▶ _Work to complete_
The task calls for an exact retyping of the lines from the one holding "Hampton Inn &" through the end of the listing, with pictures omitted and nothing added.

▶ _Data shown_
•••

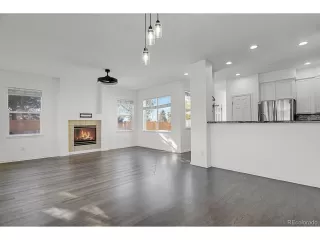 Photo #4: 9142322 Listing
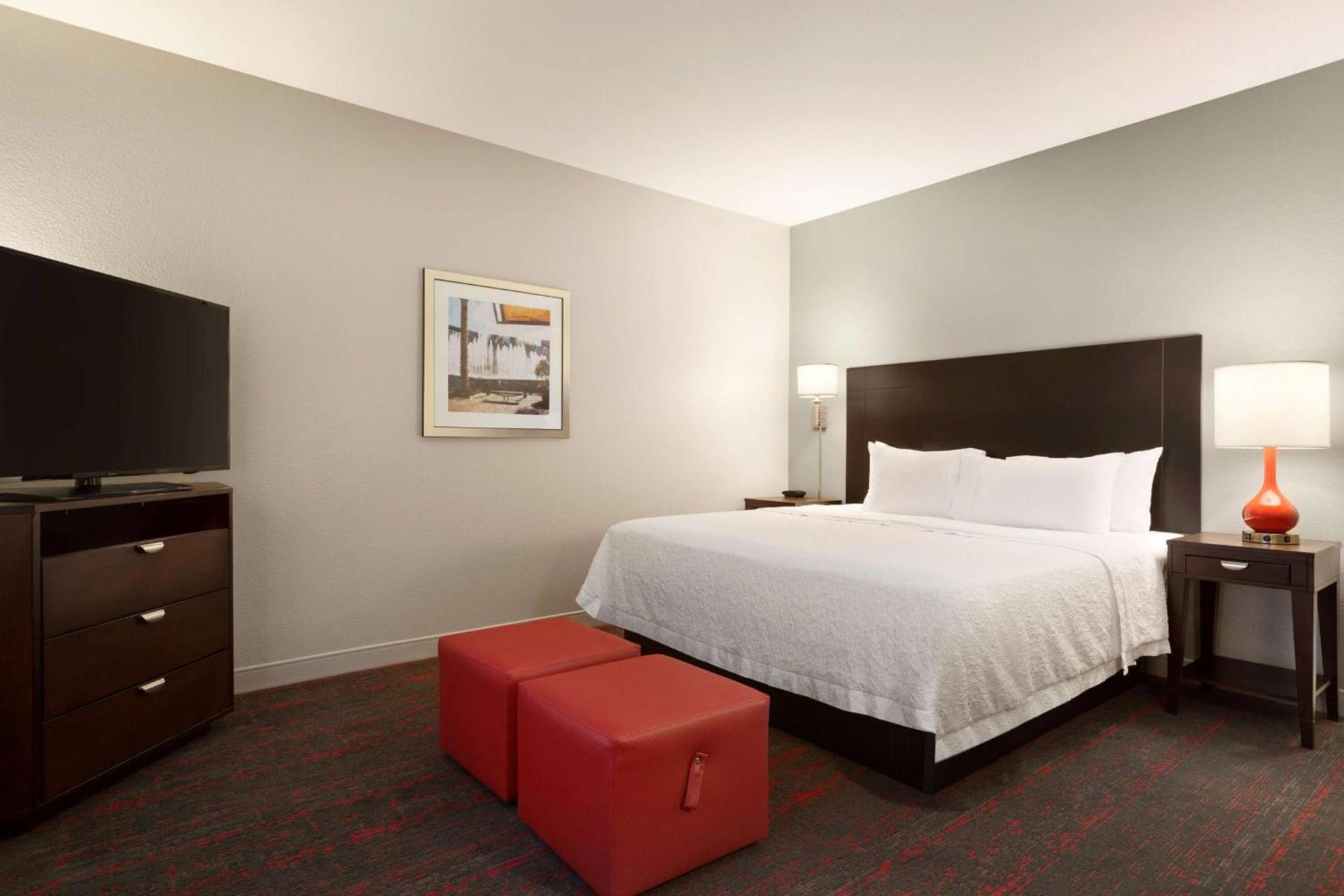 Hampton Inn & Suites Phoenix Glendale-Westgate photo 36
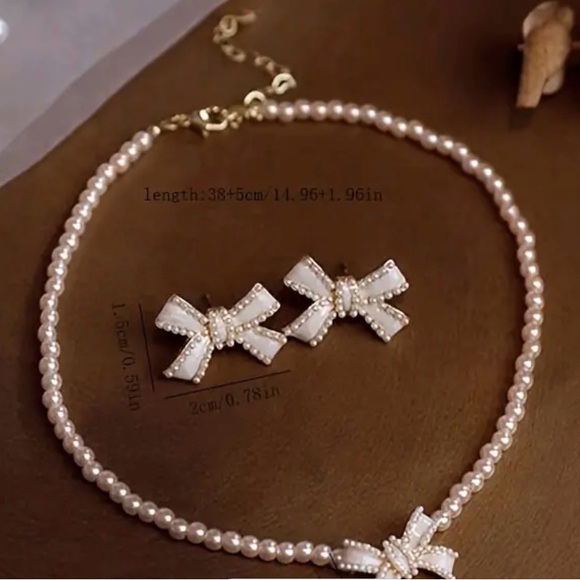 Elegant Pearl Bow Necklace and Earring Set - Picture 2 of 4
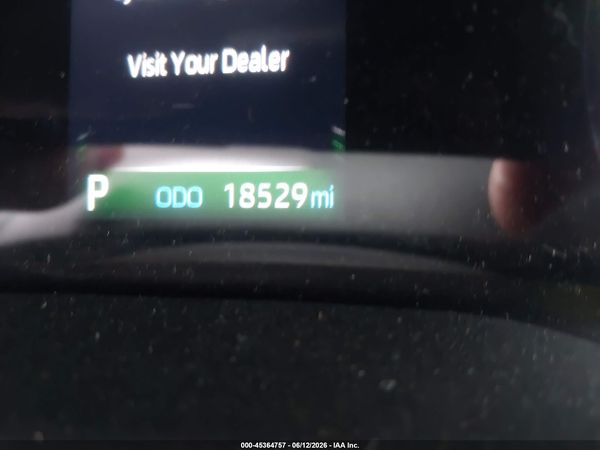 2023 TOYOTA SIENNA LE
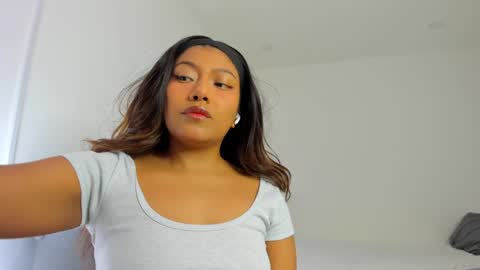 Snapshot of katnees_correa chatting on December 25, 8:29 am Follow me on instagram and twitter as correaktnees online show from December 25, 8:29 am
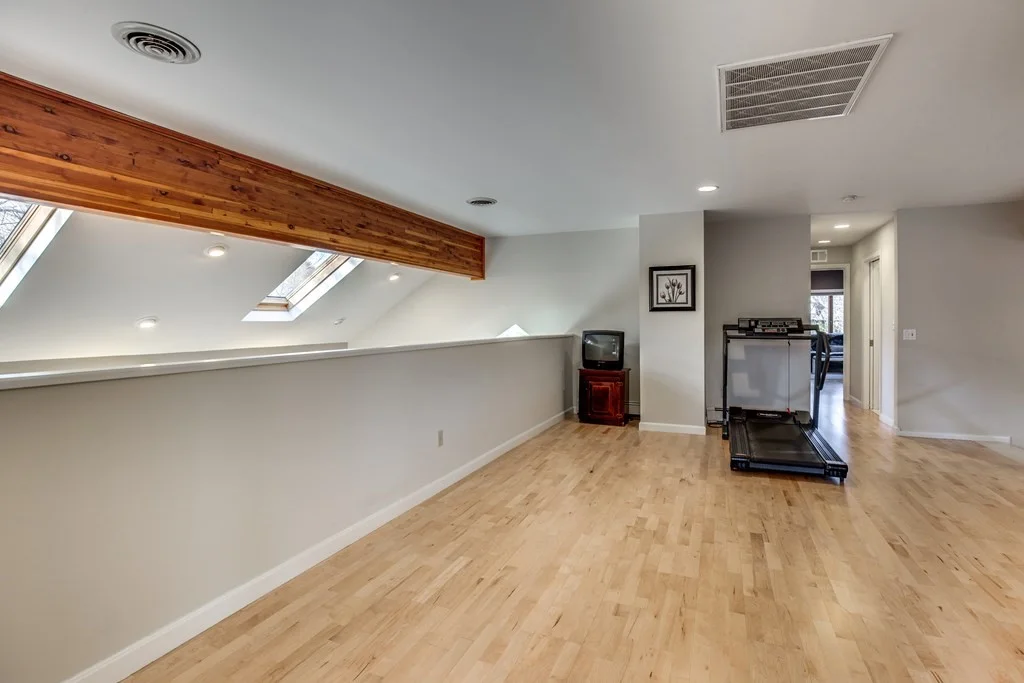 11 Beethoven Ave, Waban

•••

▶ _Exercise output_
 Hampton Inn & Suites Phoenix Glendale-Westgate photo 36
 Elegant Pearl Bow Necklace and Earring Set - Picture 2 of 4
 2023 TOYOTA SIENNA LE
 Snapshot of katnees_correa chatting on December 25, 8:29 am Follow me on instagram and twitter as correaktnees online show from December 25, 8:29 am
 11 Beethoven Ave, Waban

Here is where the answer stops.